WORK REQUEST ▸ Any pictures in the records below must be left out when you repeat the lines from the line containing "A selection of" through the line containing "Large white passenger" exactly.

====== PROVIDED INFORMATION

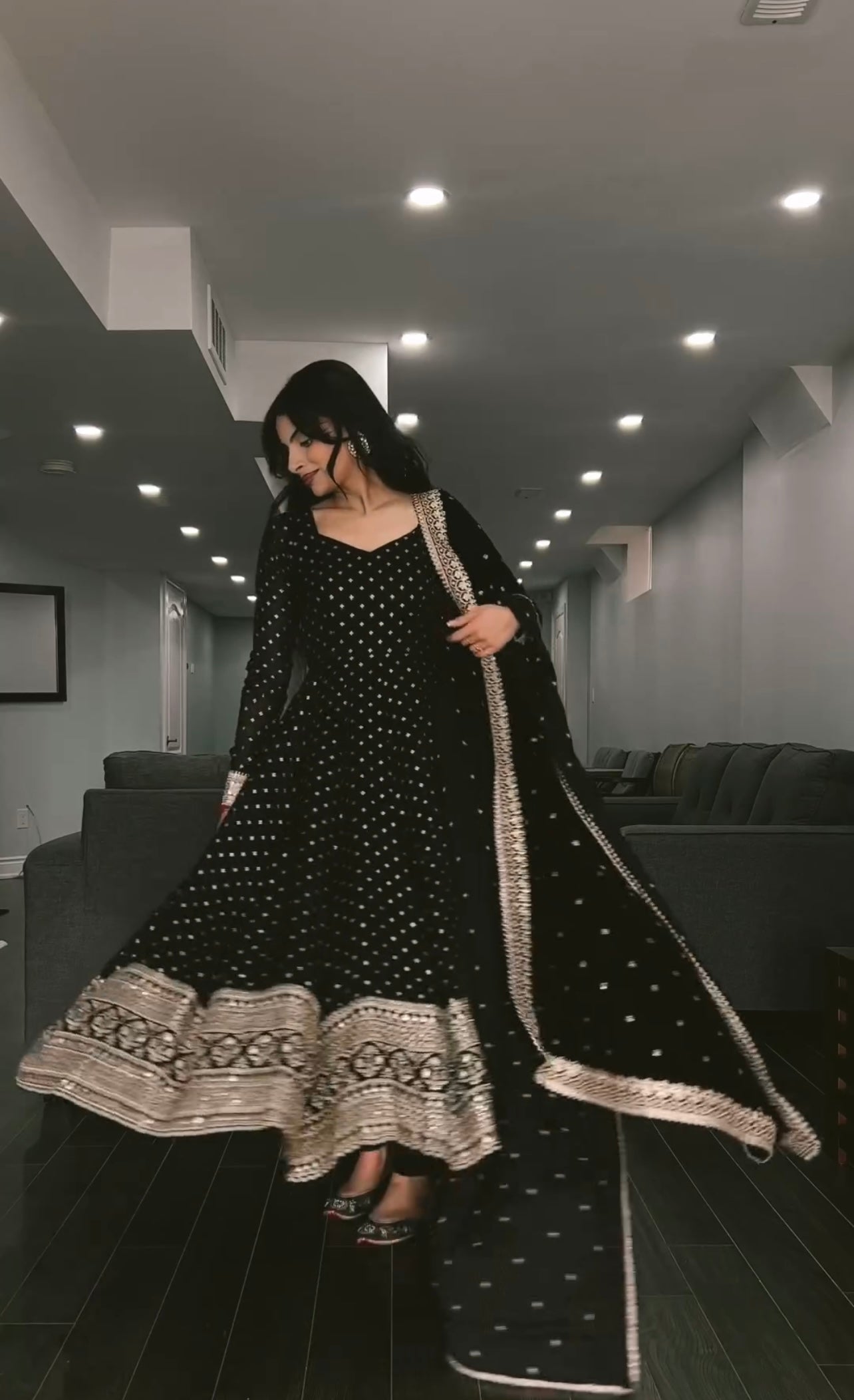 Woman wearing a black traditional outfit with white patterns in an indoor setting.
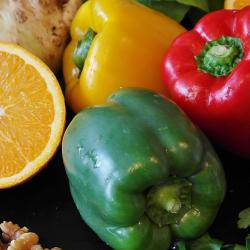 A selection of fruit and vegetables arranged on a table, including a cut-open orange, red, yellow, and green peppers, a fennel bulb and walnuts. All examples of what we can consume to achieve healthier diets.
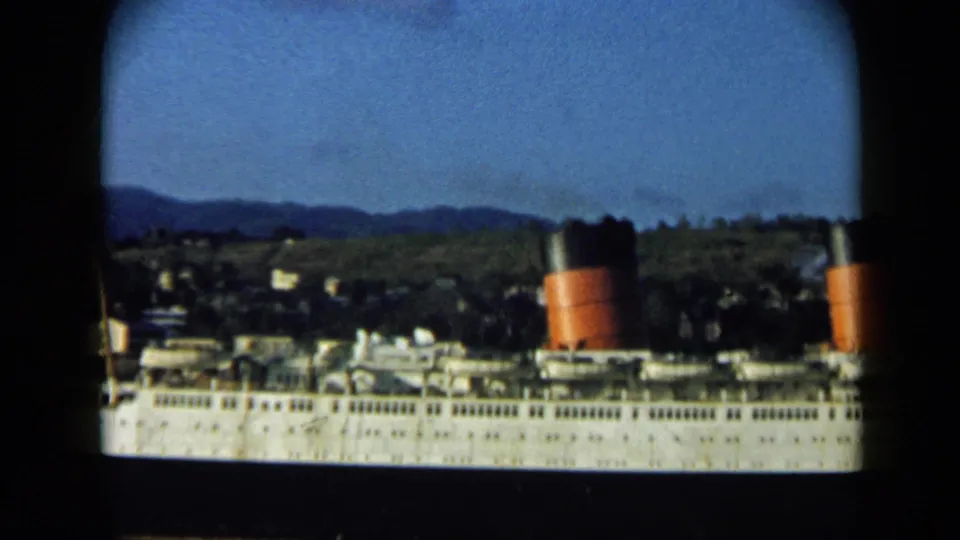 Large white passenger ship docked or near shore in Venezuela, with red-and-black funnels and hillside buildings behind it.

============
====== PROVIDED INFORMATION

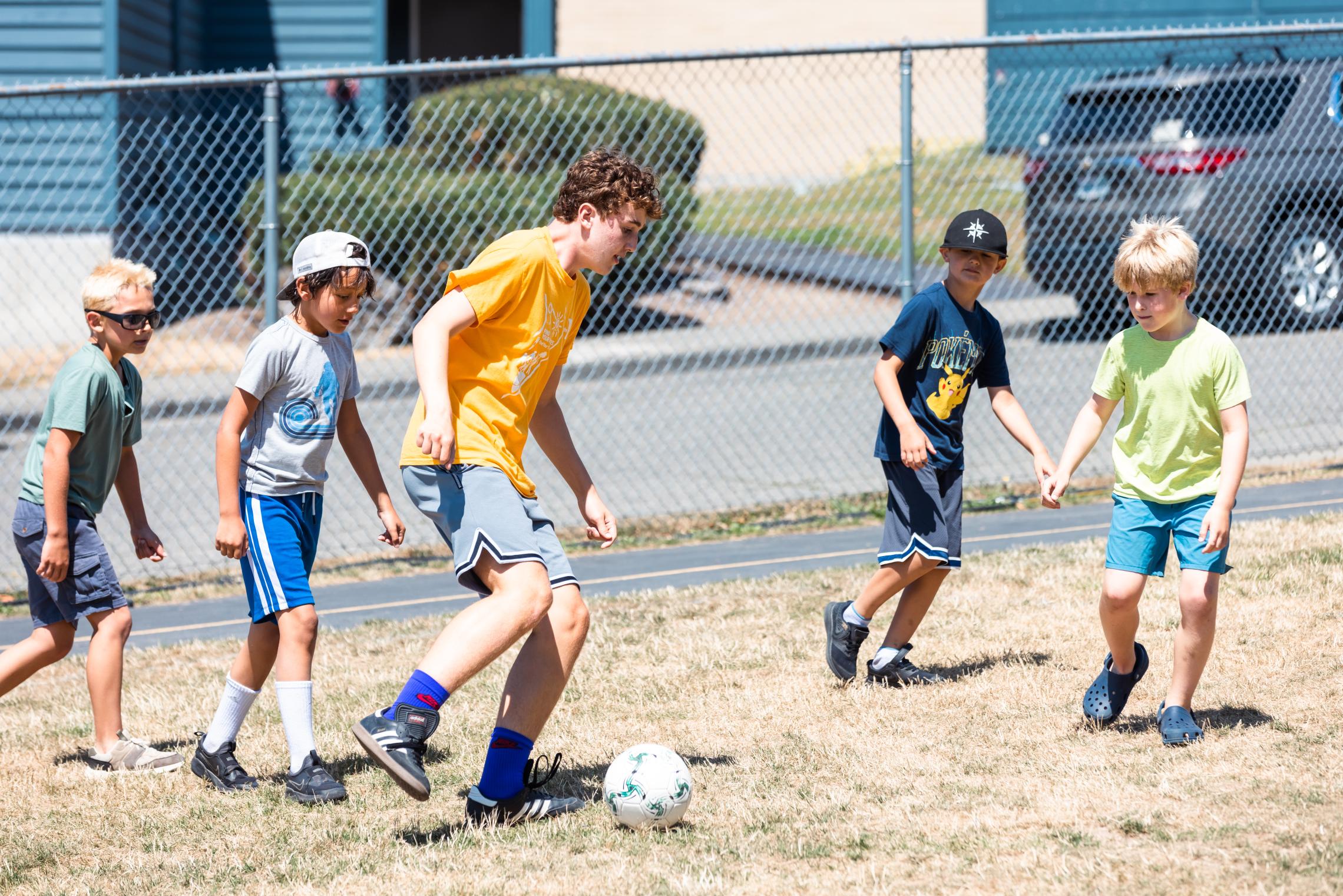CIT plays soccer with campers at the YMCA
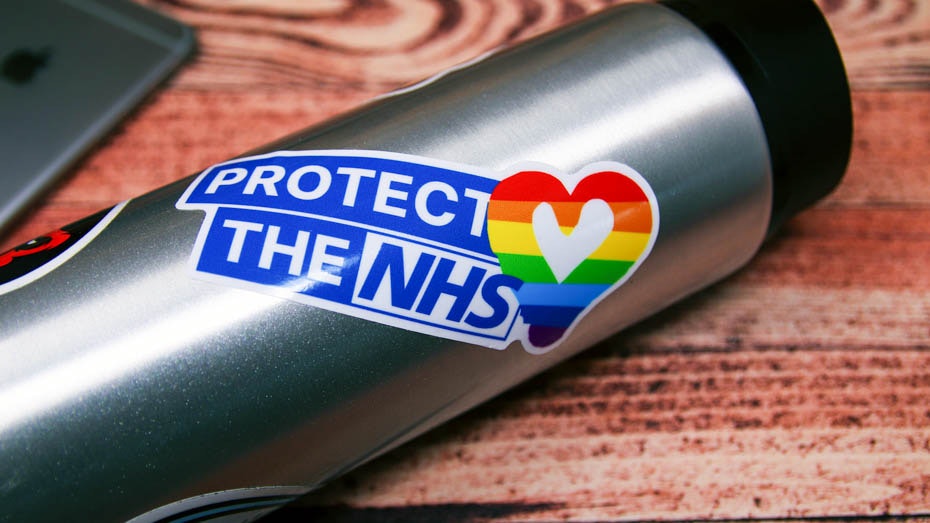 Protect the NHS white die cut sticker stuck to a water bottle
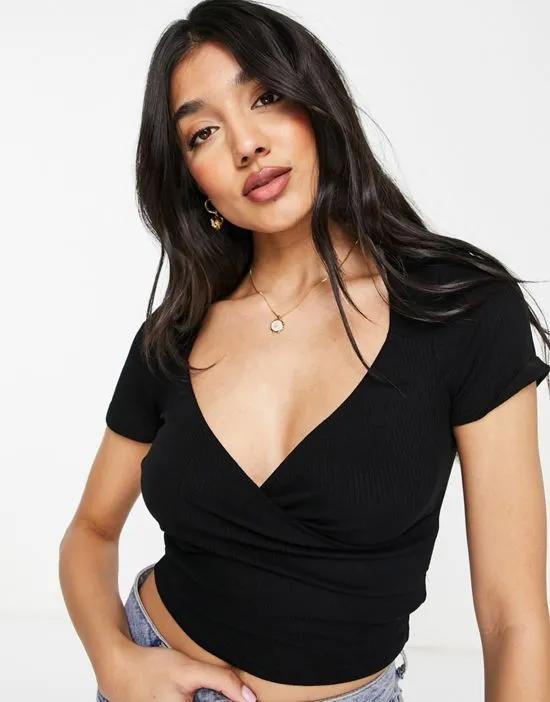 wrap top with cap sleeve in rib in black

============
====== PROVIDED INFORMATION

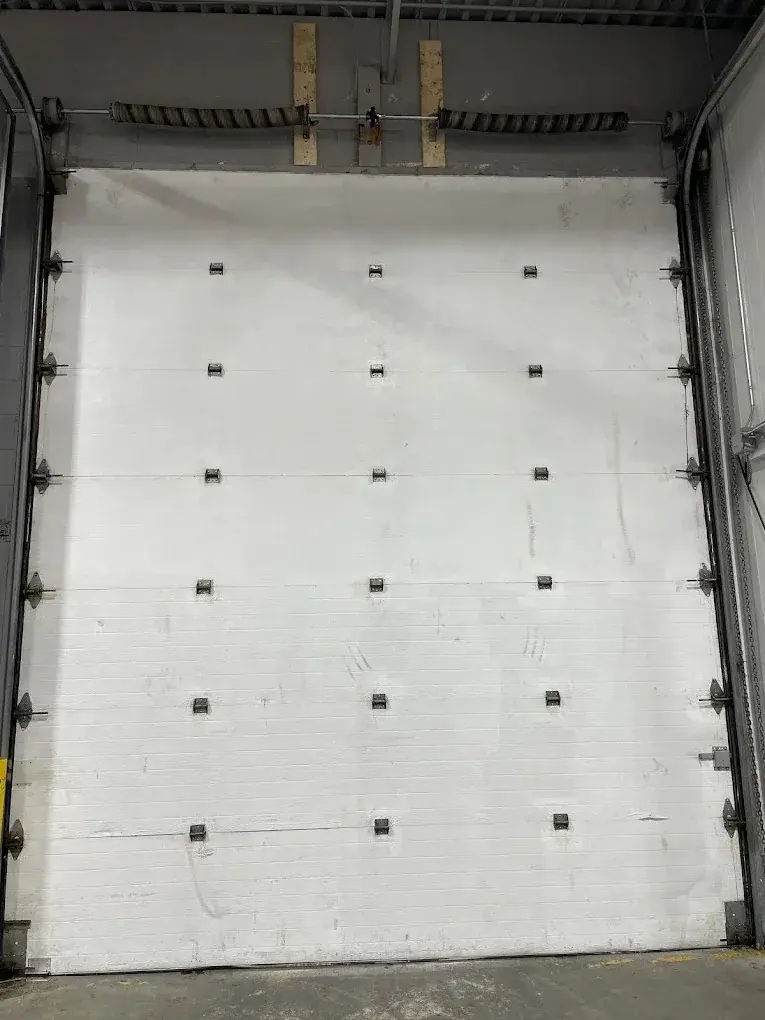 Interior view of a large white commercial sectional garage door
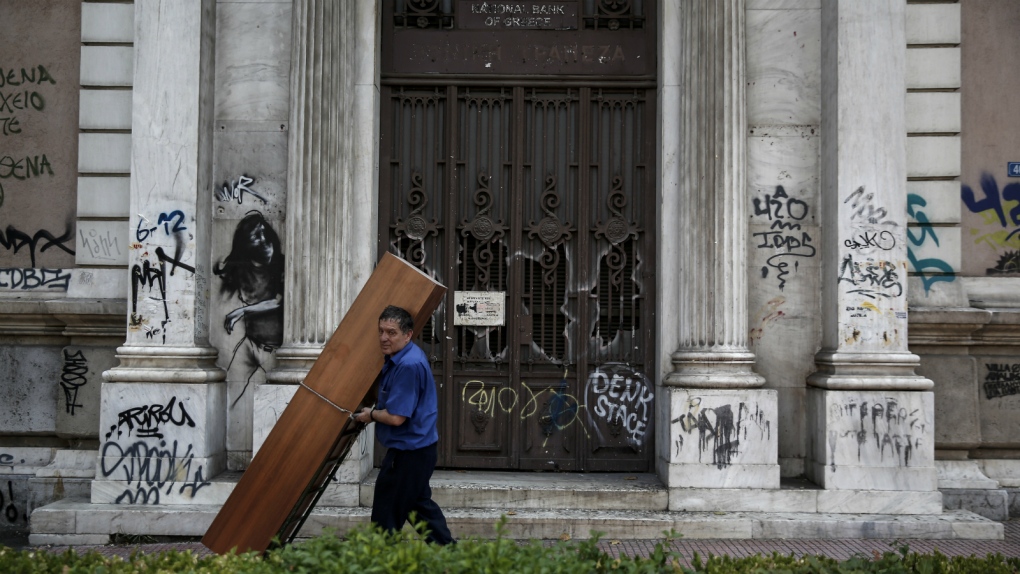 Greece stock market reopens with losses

============

SOLUTION FOR THIS EXERCISE ▸
 A selection of fruit and vegetables arranged on a table, including a cut-open orange, red, yellow, and green peppers, a fennel bulb and walnuts. All examples of what we can consume to achieve healthier diets.
 Large white passenger ship docked or near shore in Venezuela, with red-and-black funnels and hillside buildings behind it.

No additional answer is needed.